Minutes from the Federal Reserve’s monetary policy setting Federal Open Market Committee (FOMC) meeting March 17-18 reveal relatively little new information about the deliberations beyond what was available from the post-meeting statement and press conference (March Meeting). Economic growth appears to have moderated somewhat in the first quarter, the labor market has improved markedly but indicators of underutilization remain, and inflation is expected to remain below target in the near term.
But the minutes did shed some light on the discussion of what signal would provide enough confidence in an improving inflation environment to begin raising interest rates in a still below target environment.
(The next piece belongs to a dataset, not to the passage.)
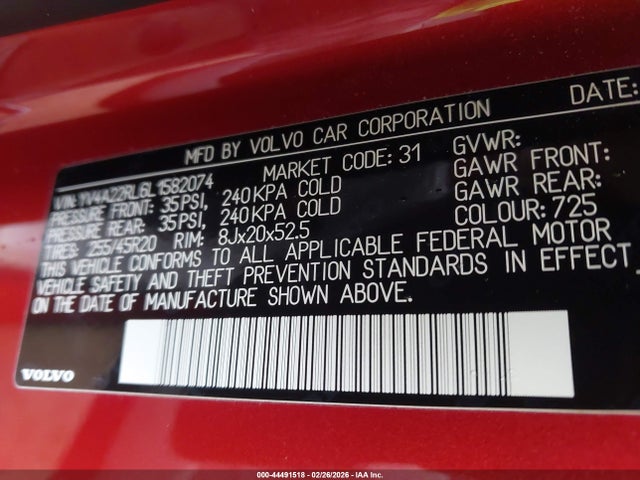 2020 VOLVO XC60 YV4A22RL6L1582074 Photo 8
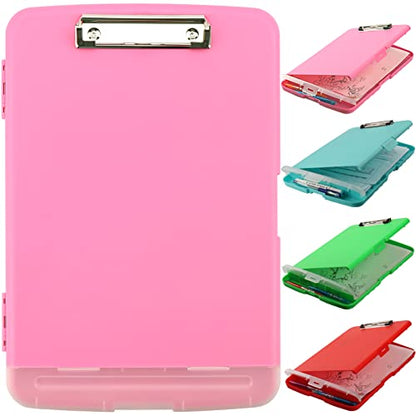 Clipboard with Storage, A4 Binder Nursing Clipboards with Pen Holder, Heavy Duty Storage Clipboards with Low Profile Clip, Clipboard Folder Side-Opening, Smooth Writing Clip Board (Pink) - color: Pink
The committee agreed no simple indicator would be sufficient but the range of areas was clear: continuing improvement in the labor market, stabilization of energy prices, and a leveling off of the US dollar relative to other currencies. Some meeting participants expected sufficient evidence by June, others expected more time will be required, but the focus has shifted to June or later in the year, rather than when inflation moves significantly closer to target.
The minutes also provide some insight into the committee’s next challenge: communicating the pace of increases following liftoff. Despite the emphasis on rate increases being data driven, that is, tied to the pace of ongoing improvement in economic conditions (faster or slower), and Fed announcements that policy normalization will be gradual, investors consistently underestimate the FOMC participants’ expected interest rate path. Such a disconnect sets the stage for a disruptive adjustment when financial markets find themselves behind the curve on rate increases. Meeting participants agreed additional information conveying the importance of economic conditions to the pace of increases and combatting the notion of set increases at every meeting would be desirable.